(ENTRIES PROVIDED Opens)
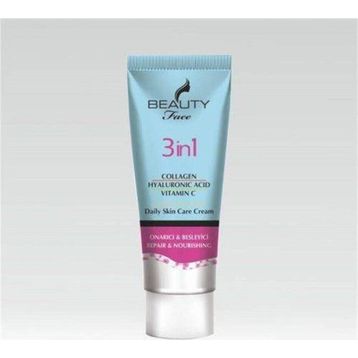 Beauty Face 3in1 50 ml Onarıcı Besleyici Kollajen Hyaluronic Asit Vitamin Krem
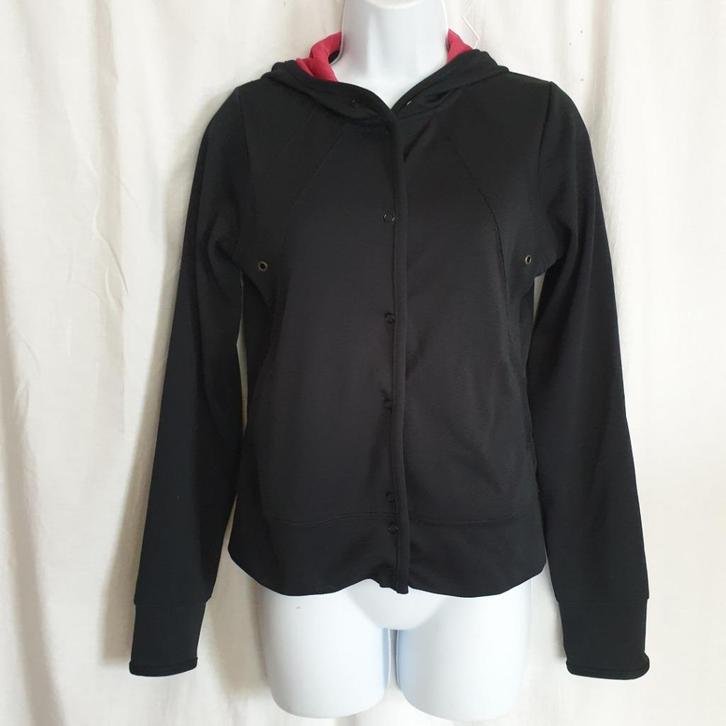 Stoer sportief zwrt vest/jack mt S merk Oxbow, Kleding | Dames, Truien en Vesten, Zo goed als nieuw, Maat 36 (S), Zwart, Verzenden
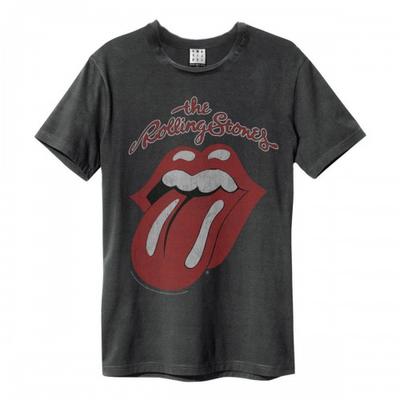 Amplified Unisex Adult Vintage Tongue The Rolling Stones T-Shirt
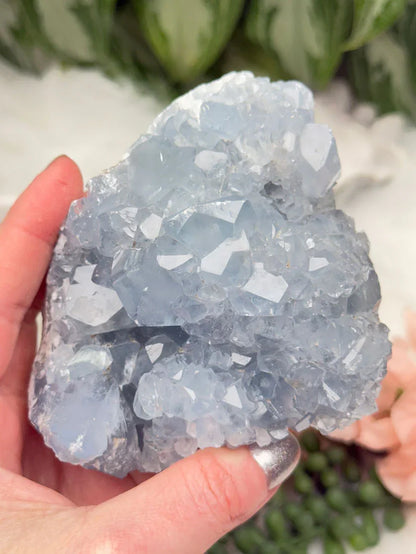 Blue Celestite Crystals
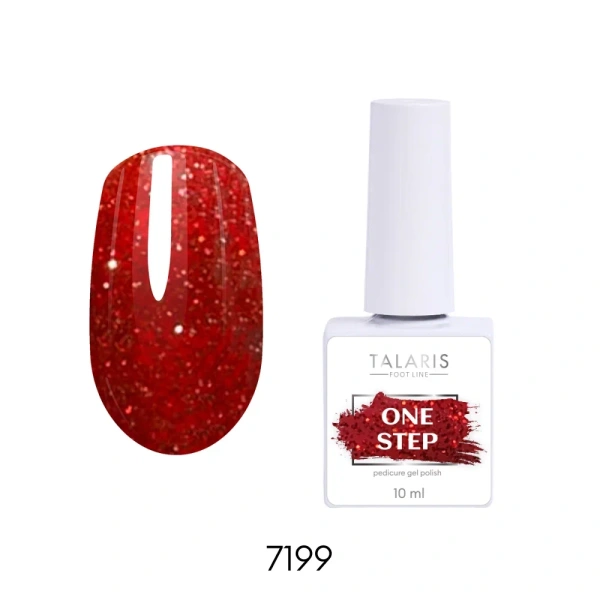 Гель-лак однофазный №7199 ONE STEP Pedicure gel polish,10мл  Runail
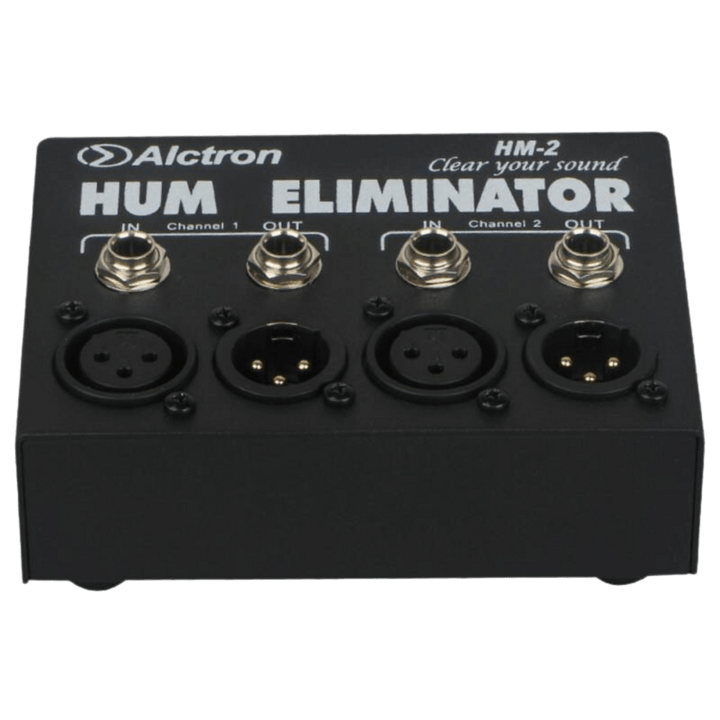 Alctron HM2 - Eliminador de Hum/Zumbido | Eliminador de zumbidos diseñado para eliminar la señal de CA de 60 Hz causada por loops de tierra, También diseñado para convertir líneas no balanceadas en líneas balanceadas. HM-2 es un eliminador de zumbidos dis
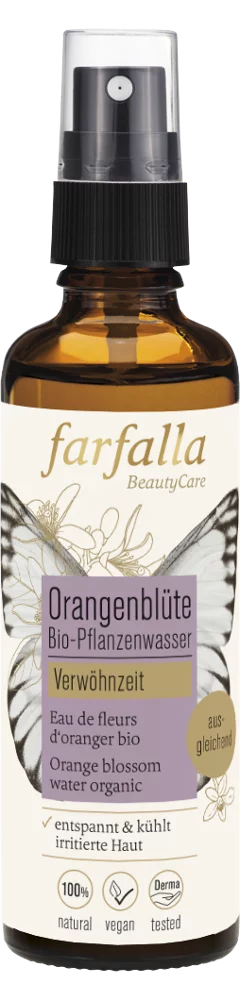 Bio-Pflanzenwasser Orangenblüte 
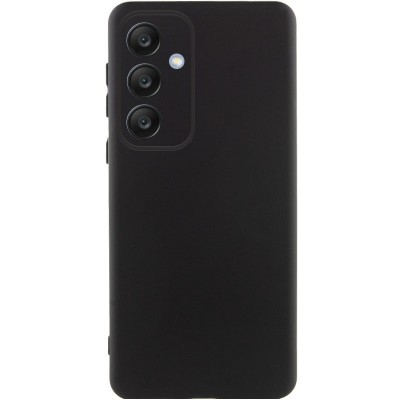 Чохол TPU GETMAN Liquid Silk Full Camera для Samsung Galaxy S24 FE Чорний / Black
(ENTRIES PROVIDED Closes)
> _EXERCISE BRIEF_
Every record must be duplicated exactly, except for the pictures, which are left out.

> _OUTPUT FOR THIS EXERCISE_
 Beauty Face 3in1 50 ml Onarıcı Besleyici Kollajen Hyaluronic Asit Vitamin Krem
 Stoer sportief zwrt vest/jack mt S merk Oxbow, Kleding | Dames, Truien en Vesten, Zo goed als nieuw, Maat 36 (S), Zwart, Verzenden
 Amplified Unisex Adult Vintage Tongue The Rolling Stones T-Shirt
 Blue Celestite Crystals
 Гель-лак однофазный №7199 ONE STEP Pedicure gel polish,10мл  Runail
 Alctron HM2 - Eliminador de Hum/Zumbido | Eliminador de zumbidos diseñado para eliminar la señal de CA de 60 Hz causada por loops de tierra, También diseñado para convertir líneas no balanceadas en líneas balanceadas. HM-2 es un eliminador de zumbidos dis
 Bio-Pflanzenwasser Orangenblüte 
 Чохол TPU GETMAN Liquid Silk Full Camera для Samsung Galaxy S24 FE Чорний / Black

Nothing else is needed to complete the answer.